Desde a primeira memória que tenho, Dona Nisa já não conseguia guardar suas lembranças muito bem. Ao conversar, ela logo esquece o que falamos. Seus chocolates – doces são uma de suas grandes paixões – estragam nos armários porque ela não lembra que escondeu. E, para fazer as atividades mais básicas do dia a dia, ela precisa do apoio da sua ajudante, a Vera.
A mais velha dos três filhos de Luís e Ondina, Nisa Navarro nasceu em 1920, em Mococa, no interior de São Paulo. Diretora pedagógica, sempre teve uma pose autoritária. A braveza, porém, se esvai após as primeiras palavras trocadas. Perdeu seu companheiro de vida aos 69 anos – hoje tem 97. Mas nem isso abalou sua postura firme.
Vera ainda se lembra da época em que ela era totalmente lúcida. E se lembra do dia que isso começou a mudar: Dona Nisa, um senhora sempre tão confiante e cheia de si, quase caiu em um desses golpes baratos de banco. Esbaforida – não sei se pelo episódio ou pelo calor intenso típico de cidade interiorana –, chegou em casa gritando pela ajudante: “Vera! Preciso da senha da minha conta. Qual é mesmo?”. Vera estranhou, afinal, minha vó nunca tinha tocado nesse assunto com ela. Perguntou o motivo. “Uma amiga que encontrei na rua disse que precisa ir comigo ao banco. Ela está me esperando na porta”. Ao ir até lá, a estranha saiu correndo. Minha vó teve algum tipo de apagão enquanto andava sozinha e a fulana tentou se aproveitar dela.
Isso faz uns 20 anos. Desde então, ela passou a sempre ter companhia – o que não virou um problema. Não perdeu a personalidade marcante e o bom humor. Não deixou de dizer que a vida seria mais interessante se o feijão tivesse gosto de sorvete. E não deixou de brincar com as pequenas coisas. Mesmo ao esquecer de tirar os óculos na hora de se deitar, ela não perde a pose. “Eu preciso enxergar no sonho, oras”, diz, ao colocá-lo no criado mudo. De alguma maneira, consegue manter a postura inabalável.
Mas há momentos difíceis. Os que ela não me reconhece, por exemplo. Não chega a dizer, mas o olhar é revelador. Num primeiro momento, a tristeza é implacável. Tento, então, pensar que sou só mais um entre os quinze netos. E ainda tem os seis bisnetos. Talvez seja exigir demais dela. Olho a situação com a experiência de 23 anos de vida. Enxergo cada dia como uma experiência única.

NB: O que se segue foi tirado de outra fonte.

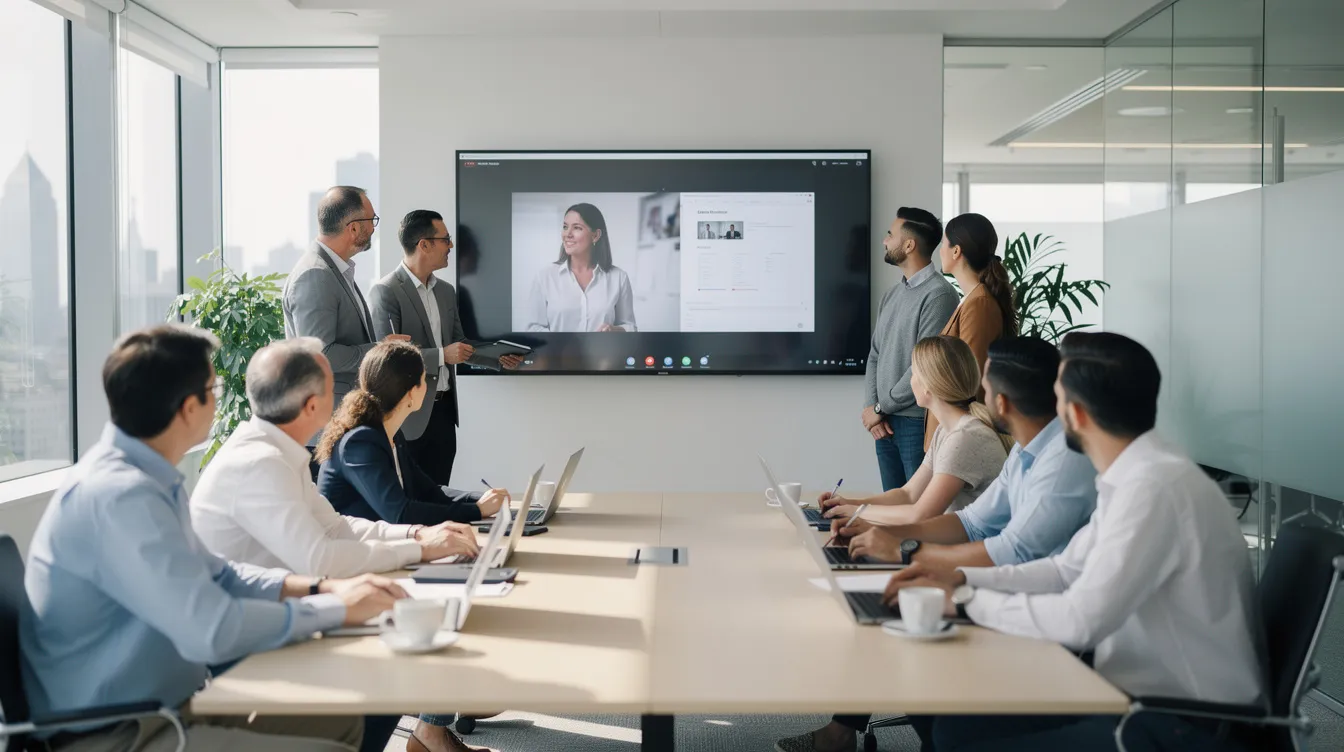 Eine diverse Gruppe von Personen sitzt in einem modernen Büro und schaut gemeinsam auf einen großen Bildschirm, auf dem ein KI-unterstütztes Video abgespielt wird. Die Atmosphäre ist kreativ und kollaborativ, während die Teilnehmer Ideen für die Videoproduktion und die Nutzung von KI-Tools diskutieren.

Por outro lado, esse curto período de tempo mal cabe na memória de Dona Nisa. O que são 23 anos quando se tem quase um século de vida? Pior ainda quando não se pode distinguir com clareza o ontem do hoje. Os dias, para ela, são pássaros que pousam rapidamente no parapeito da janela e logo alçam voo para longe. Ao menos, eles levam consigo os problemas e angústias que costumam nos afligir.